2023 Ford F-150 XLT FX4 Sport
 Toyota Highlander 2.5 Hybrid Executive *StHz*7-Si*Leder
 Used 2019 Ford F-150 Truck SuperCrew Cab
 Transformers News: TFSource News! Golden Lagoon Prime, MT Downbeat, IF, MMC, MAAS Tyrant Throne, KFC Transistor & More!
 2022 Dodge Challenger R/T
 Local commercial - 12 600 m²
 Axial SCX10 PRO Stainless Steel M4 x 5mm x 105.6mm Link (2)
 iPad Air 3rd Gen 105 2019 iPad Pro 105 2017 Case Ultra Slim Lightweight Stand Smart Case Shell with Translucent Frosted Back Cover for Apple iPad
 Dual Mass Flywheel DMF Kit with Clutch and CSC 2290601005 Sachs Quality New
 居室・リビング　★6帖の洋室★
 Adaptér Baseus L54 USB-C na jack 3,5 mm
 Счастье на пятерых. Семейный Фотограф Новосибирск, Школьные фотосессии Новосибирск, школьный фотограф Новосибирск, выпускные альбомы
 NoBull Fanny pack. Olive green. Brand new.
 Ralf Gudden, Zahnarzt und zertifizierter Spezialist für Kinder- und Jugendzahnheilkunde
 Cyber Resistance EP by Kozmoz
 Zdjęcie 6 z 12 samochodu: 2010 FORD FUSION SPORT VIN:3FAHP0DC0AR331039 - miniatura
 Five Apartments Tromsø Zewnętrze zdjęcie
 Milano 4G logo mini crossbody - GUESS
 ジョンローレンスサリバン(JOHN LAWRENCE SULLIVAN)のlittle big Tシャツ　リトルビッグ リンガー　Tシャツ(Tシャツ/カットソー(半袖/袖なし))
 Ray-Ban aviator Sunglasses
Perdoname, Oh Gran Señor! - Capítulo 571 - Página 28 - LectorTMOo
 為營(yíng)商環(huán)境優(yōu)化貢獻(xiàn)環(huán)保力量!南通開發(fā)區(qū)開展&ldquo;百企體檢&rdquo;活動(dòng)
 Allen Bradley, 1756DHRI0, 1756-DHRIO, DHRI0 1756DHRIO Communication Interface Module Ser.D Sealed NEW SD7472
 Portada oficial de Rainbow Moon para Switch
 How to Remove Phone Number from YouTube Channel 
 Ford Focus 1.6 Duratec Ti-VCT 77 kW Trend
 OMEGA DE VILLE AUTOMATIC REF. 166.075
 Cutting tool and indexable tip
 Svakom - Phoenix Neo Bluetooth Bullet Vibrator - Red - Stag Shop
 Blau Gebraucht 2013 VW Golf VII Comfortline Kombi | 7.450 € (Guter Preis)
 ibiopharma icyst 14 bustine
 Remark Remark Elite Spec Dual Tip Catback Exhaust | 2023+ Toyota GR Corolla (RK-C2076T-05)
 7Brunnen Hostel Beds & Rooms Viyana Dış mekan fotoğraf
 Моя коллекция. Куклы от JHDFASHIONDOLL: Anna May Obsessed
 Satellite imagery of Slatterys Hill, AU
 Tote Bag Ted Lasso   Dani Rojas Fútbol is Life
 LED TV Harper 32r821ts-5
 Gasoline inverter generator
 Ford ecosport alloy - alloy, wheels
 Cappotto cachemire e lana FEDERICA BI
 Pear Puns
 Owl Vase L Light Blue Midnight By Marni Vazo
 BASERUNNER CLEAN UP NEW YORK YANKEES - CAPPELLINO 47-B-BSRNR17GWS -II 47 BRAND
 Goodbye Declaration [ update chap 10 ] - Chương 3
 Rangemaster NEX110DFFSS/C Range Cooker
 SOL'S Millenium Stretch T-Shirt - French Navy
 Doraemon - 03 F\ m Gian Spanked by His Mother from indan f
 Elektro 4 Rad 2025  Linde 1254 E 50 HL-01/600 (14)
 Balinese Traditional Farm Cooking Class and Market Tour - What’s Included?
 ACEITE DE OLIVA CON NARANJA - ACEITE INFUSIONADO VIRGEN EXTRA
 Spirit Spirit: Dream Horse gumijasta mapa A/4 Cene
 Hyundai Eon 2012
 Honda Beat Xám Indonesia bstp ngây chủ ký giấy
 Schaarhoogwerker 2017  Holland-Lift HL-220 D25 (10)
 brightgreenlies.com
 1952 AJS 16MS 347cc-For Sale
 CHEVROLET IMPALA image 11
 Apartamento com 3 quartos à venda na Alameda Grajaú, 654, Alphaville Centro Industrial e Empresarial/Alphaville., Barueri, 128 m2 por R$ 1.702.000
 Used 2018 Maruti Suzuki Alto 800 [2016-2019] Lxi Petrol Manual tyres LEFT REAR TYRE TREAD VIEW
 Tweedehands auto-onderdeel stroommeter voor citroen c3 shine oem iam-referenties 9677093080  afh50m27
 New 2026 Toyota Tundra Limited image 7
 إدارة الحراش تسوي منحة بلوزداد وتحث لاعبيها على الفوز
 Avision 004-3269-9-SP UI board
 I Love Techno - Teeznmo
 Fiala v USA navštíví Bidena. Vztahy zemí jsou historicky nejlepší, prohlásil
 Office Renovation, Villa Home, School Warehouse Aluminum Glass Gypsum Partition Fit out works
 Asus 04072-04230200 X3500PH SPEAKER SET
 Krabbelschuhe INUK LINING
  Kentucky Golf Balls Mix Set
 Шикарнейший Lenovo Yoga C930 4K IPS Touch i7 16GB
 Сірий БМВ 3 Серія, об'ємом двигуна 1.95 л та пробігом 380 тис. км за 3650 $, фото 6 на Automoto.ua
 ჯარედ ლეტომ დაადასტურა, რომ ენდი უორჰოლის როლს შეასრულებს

------------------------

Work item
The lines to extract from the data above begin with the line containing "Ray-Ban aviator Sunglasses" and end with the line containing "為營(yíng)商環(huá". Extract them exactly, including both.

Reply to the task
 Ray-Ban aviator Sunglasses
Perdoname, Oh Gran Señor! - Capítulo 571 - Página 28 - LectorTMOo
 為營(yíng)商環(huán)境優(yōu)化貢獻(xiàn)環(huán)保力量!南通開發(fā)區(qū)開展&ldquo;百企體檢&rdquo;活動(dòng)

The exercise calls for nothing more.